Young Stuff

Drawing – “Drawing” is a word for artists and thinkers and for people who at least have taken a “something-something 101.” I didn’t do that.

Instead I drew in every class except gym – on every review packet I received. Everything except statewide tests ’cause I feared statewide authority. I drew on paper placemats in restaurants and rarely cared for “Why’s our food taking so long” conversations. I drew during most weekend mornings and afternoons and faced downward a lot. It was always black pen or black sharpie. I liked the way paper pulled ink from me – this wasn’t a place for pencils. And if I messed up, I’d turn the page and start over ‘til I got it right.

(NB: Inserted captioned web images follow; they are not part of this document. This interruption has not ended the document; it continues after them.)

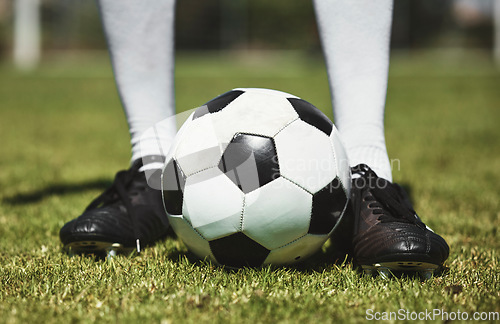 Image of Soccer ball, football player and game of athlete on a sports field for a match wearing shoes. Fitness, training exercise and cardio health of male feet with energy on field, green grass or pitch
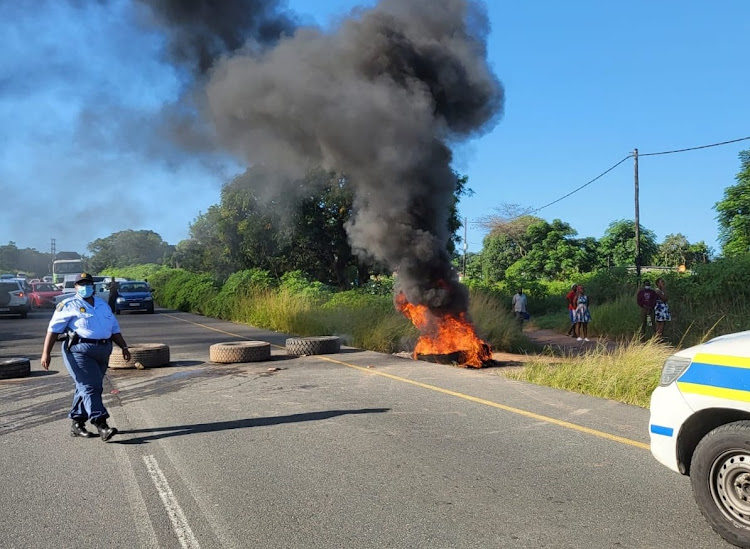 The Hans Dettman highway, south of Durban, was barricaded by protesters on Friday.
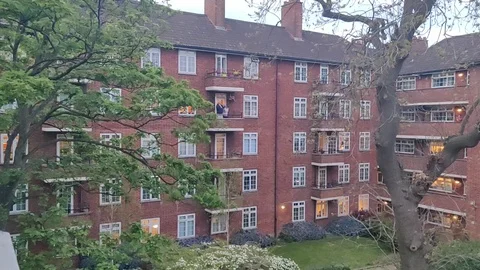 PEOPLE CLAPPING FOR NURSES AND ESSENTIAL WORKERS COVID19 LOCKDOWN UK Stock Footage 128543947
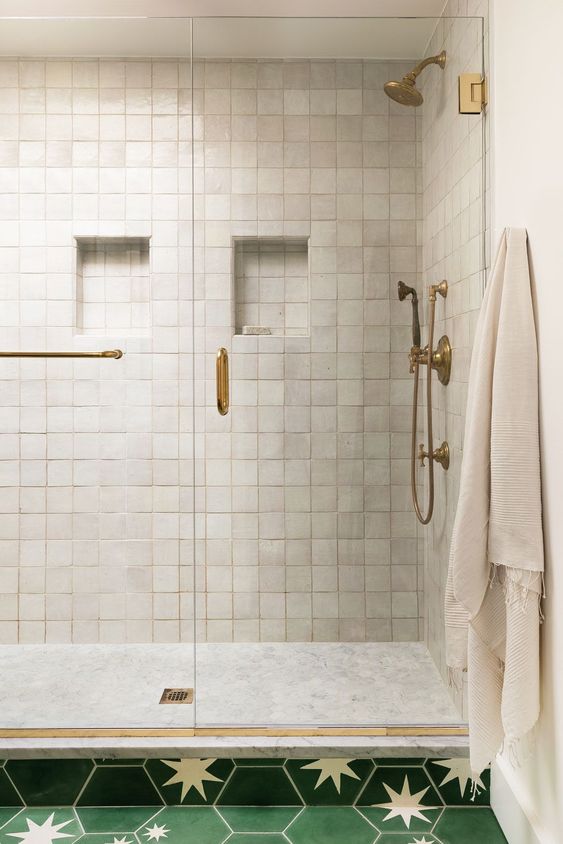 a lovely shower space clad with neutral zellige tiles and marble ones, with chic brass features for a touch of vintage in the space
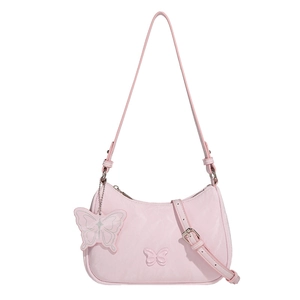 Chic pink shoulder bag with butterfly charm decoration and adjustable strap on white background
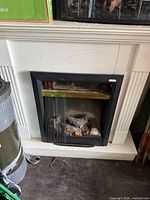 Full view of electric fireplace insert in mantel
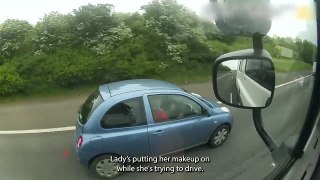 Woman applies make-up while driving along the motorway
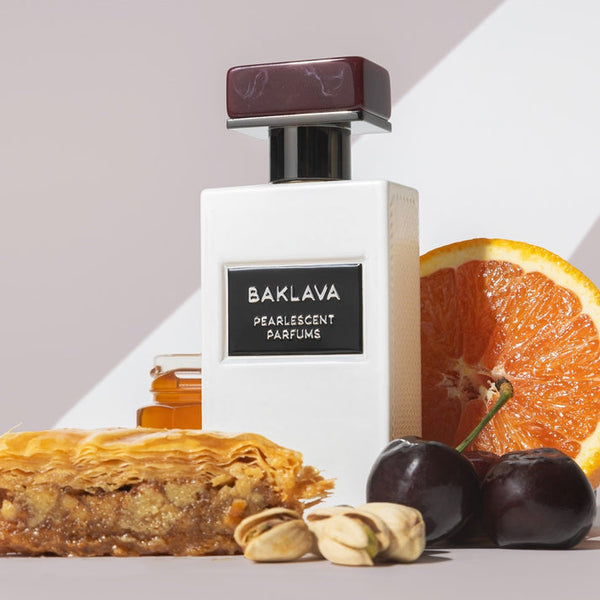 A bottle of Baklava by Pearlescent Parfums is placed beside a slice of baklava, some nuts, cherries, honey, and a half sweet orange, all set against a minimalist background.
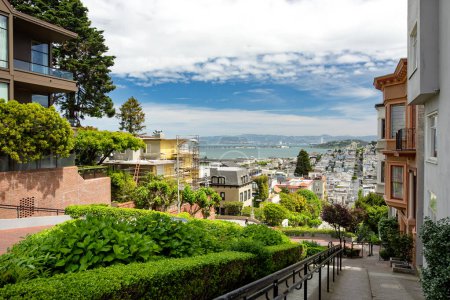 Photo for SAN FRANCISCO, USA - APRIL 2016: Famous Lombard street, one of the most famous landmark and the crookedest street in the world. San Francisco, California, USA - Royalty Free Image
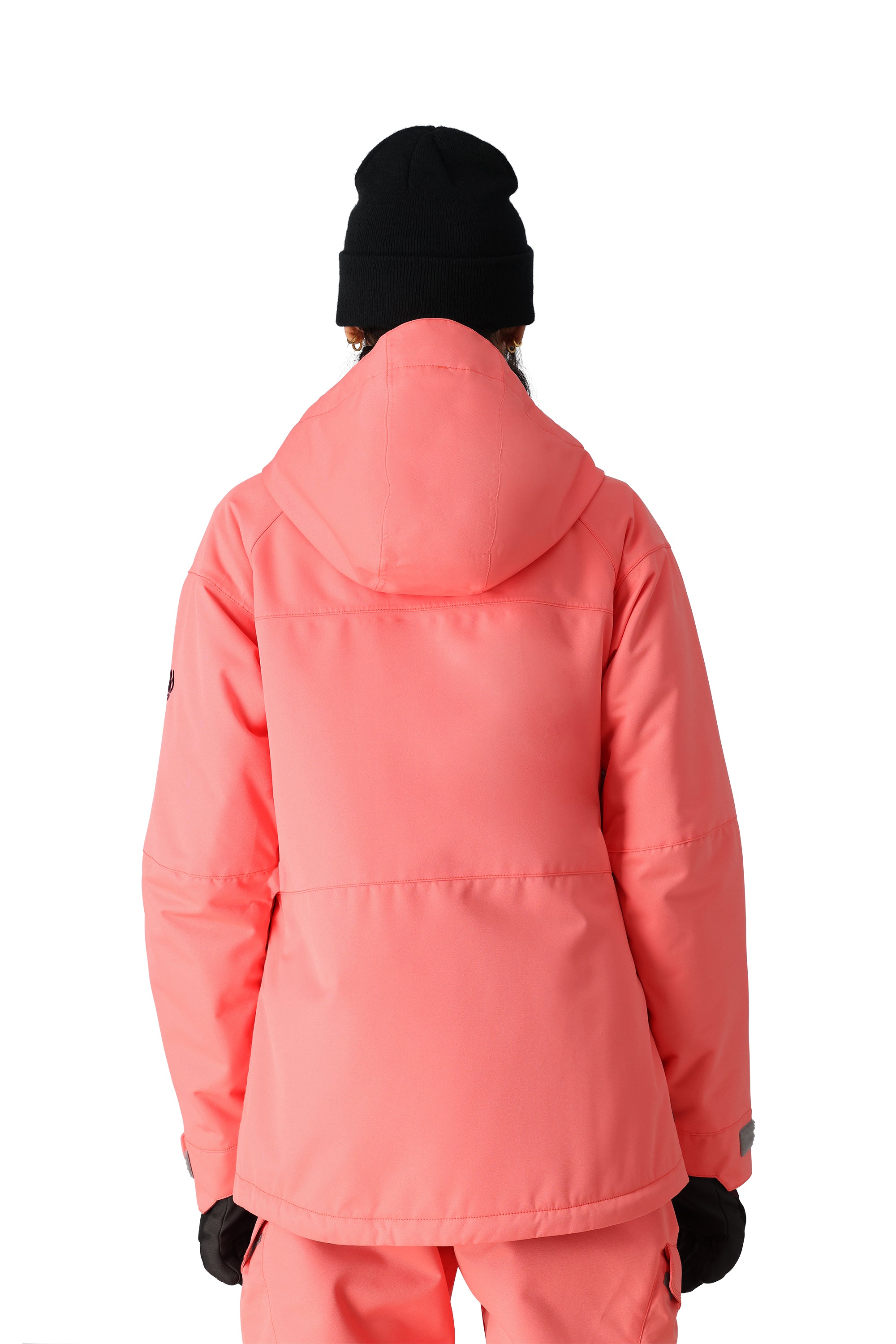 The 686 Women's Athena Insulated Jacket 2025 is showcased in a vibrant coral color with an insulated hood and zippered pockets.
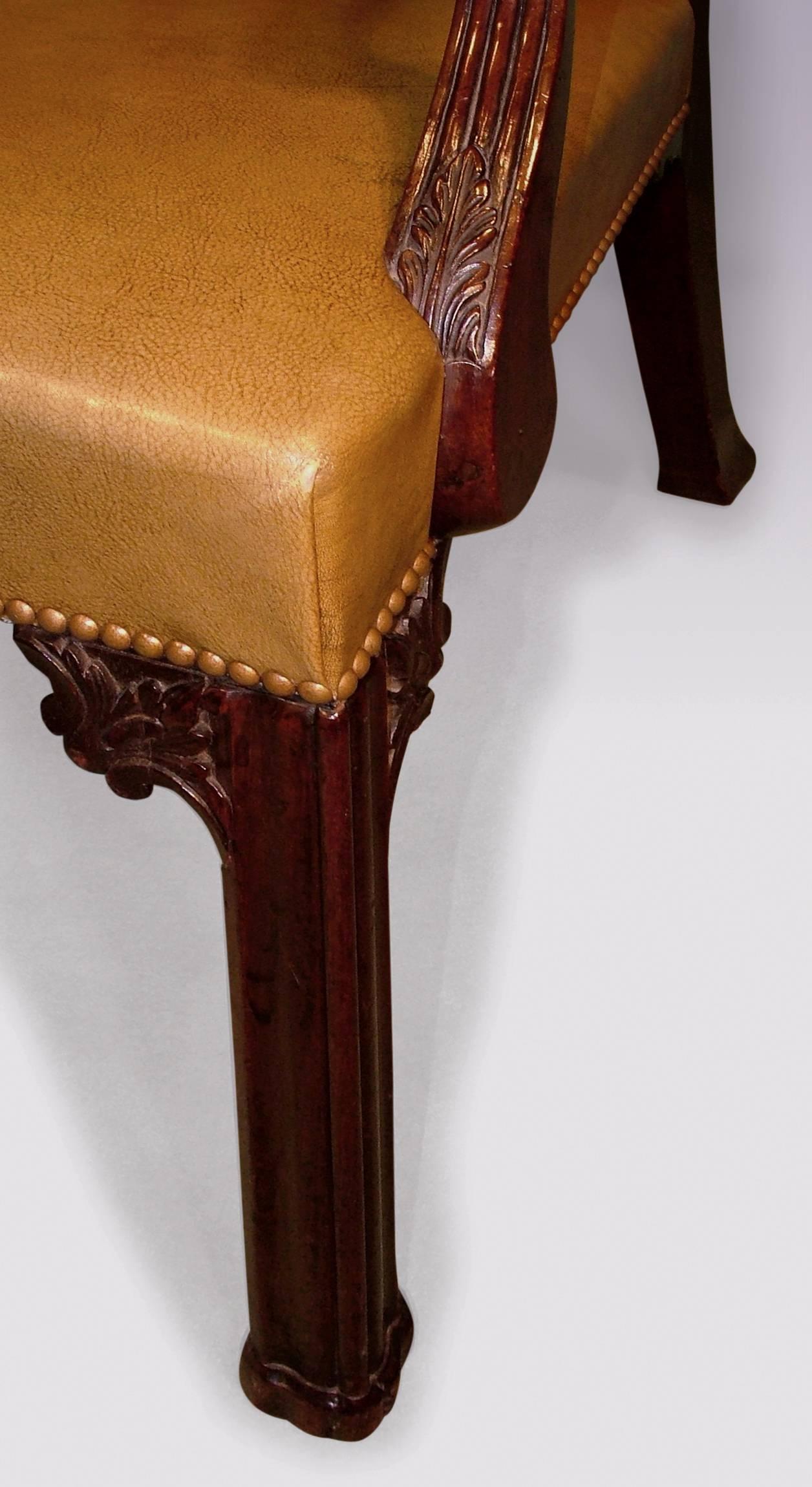 A mid-18th century Chippendale period mahogany armchair, having acanthus carved and scrolled top rail, above Gothic arch pierced back splat, and outs wept carved, receded arms. The chair with stuff over leather seat supported on moulded legs with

I drew away most of my childhood and teen years. It taught me to hear people better, and I grew to hate predictable conversation. This is for that guy who said “Mad chill” all the time. Or for the whiny mom who overuses “Phenomenal.” Or those squeaky people who always said, “something-something-omigod.” Or the “Holy-shit-I-really-DO-hate-everything.”

I just listened and stayed dedicated to the paper. There was just so much time – so much idle time. A dull throb in my neck, and the lines I drew were a dull throb as well, but at least I was doing it to MYSELF. It was kind of like being ok with having a dislocated shoulder or popped-out hip. Drawing on these pages was wrong and weird and onlookers would peer over my shoulder and it’d make me cringe. The sensible ones raised their eyebrows and said, “Wow. You must be bored.” I always hated “Bored.” I stopped using it after I was 6 – it’s a waste. This wasn’t “being bored” – it was learning how to go with the flow. Also? I couldn’t sit still. Or relax after a meal. Or concentrate on a movie from start to finish. Or JUST SIT without eventually picking up a pen. And the conversations around me at the time weren’t particularly interesting or inviting enough. My willpower and degree of concentration in staying uninvolved amazed me and I was great at silencing 9/10 of who I was.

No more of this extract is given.